Пили чай. Время ползло. – Коляня, трепыхнувшись уйти, остался.
Началось их своеобразное общение, в котором она покрикивала, а потерявший горделивость уралец млел и не дышал, цепляясь за судьбу. Голос его, потеряв хриплость, слинял, а потом стал трястись и звенеть, как у молодого романтика. «Ленка, Ленка, – именно так звенело, – – насколько же мне легче стало жить!» – «Ладно, – она смеялась. – Мне тоже полегче…» Она по-прежнему считала его психом. Она считала его и таким и сяким, но он ей нравился. С мужем она жила неважно.
Утром через дверь доносились понятные да и непрячущиеся звуки: Коляня слышал, как Лена, хлопоча и строго поучая, провожает в детский сад сына, – проводив, стремительно уходит на работу. Вставая позже, Коляня пил из холодильника пиво, как пьют его не спешащие, натощак и поутру. Вставать не спеша было счастьем, и даже вспоминались, вытаскиваясь из памяти, жаркие и желтые дни детства. Шастающий с ленцой по утренней квартире и с самого утра безденежный, Коляня лишь косился на зияющую дыру в серванте и на пустоту там, где должны были существовать, вытягиваясь на своих тонких ножках, бокалы. Виноватясь, хмыкал: стула тоже недоставало, он его разбил.
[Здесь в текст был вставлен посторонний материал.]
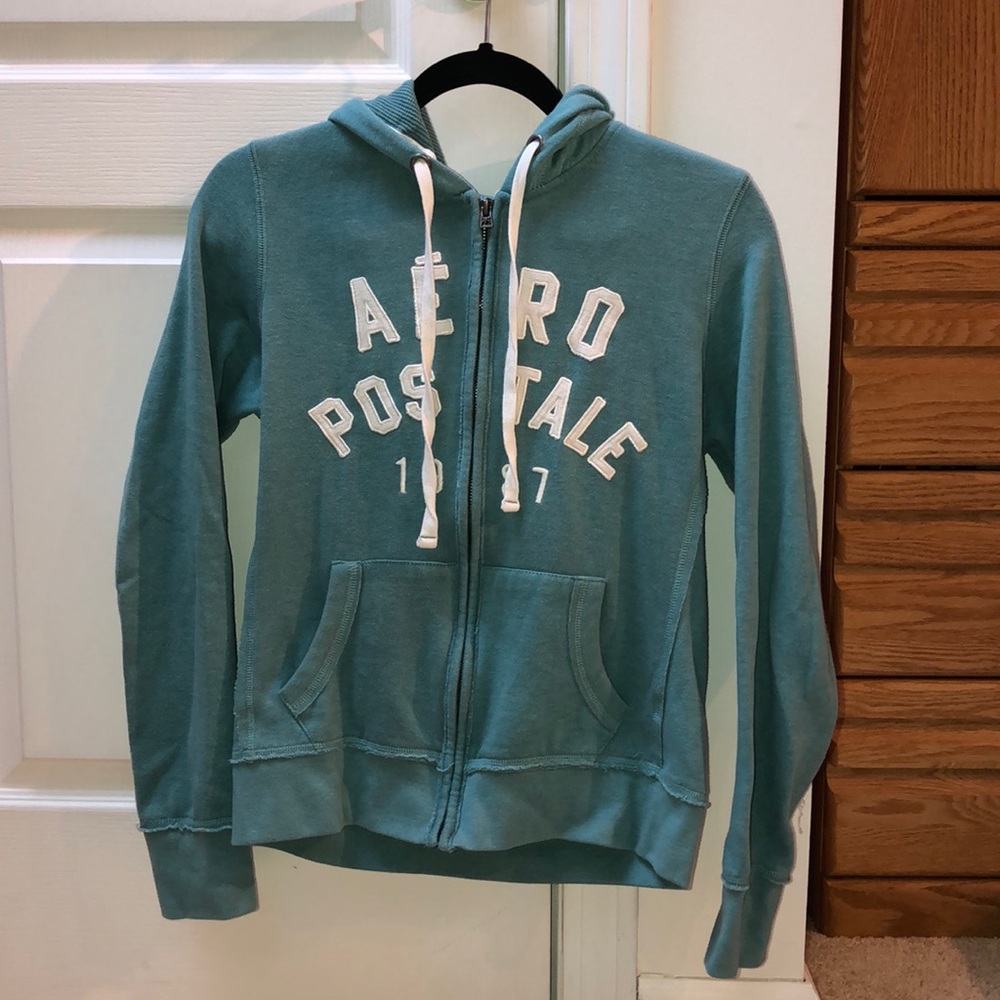 Aeropostale Zipper Hoodie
Коляня прожил здесь восемь ночей и восемь таких вот утр, пора было убираться, потому что дни уже подсчитывались. Возвращался муж: по словам Лены, он был человек с неспокойной психикой и, увидев в постели Коляню, мог вспылить. В изгибе разговора о том, как много вокруг нее было и есть психов, Леночка не скрыла, что у нее шизофреник отец. Фамилия отца была Якушкин, и Лена до замужества тоже была Якушкина. Так Коляня впервые услышал фамилию.
Вскоре же Коляня, из любопытства, пошел к некоему студенту Кузовкину, у которого собирались.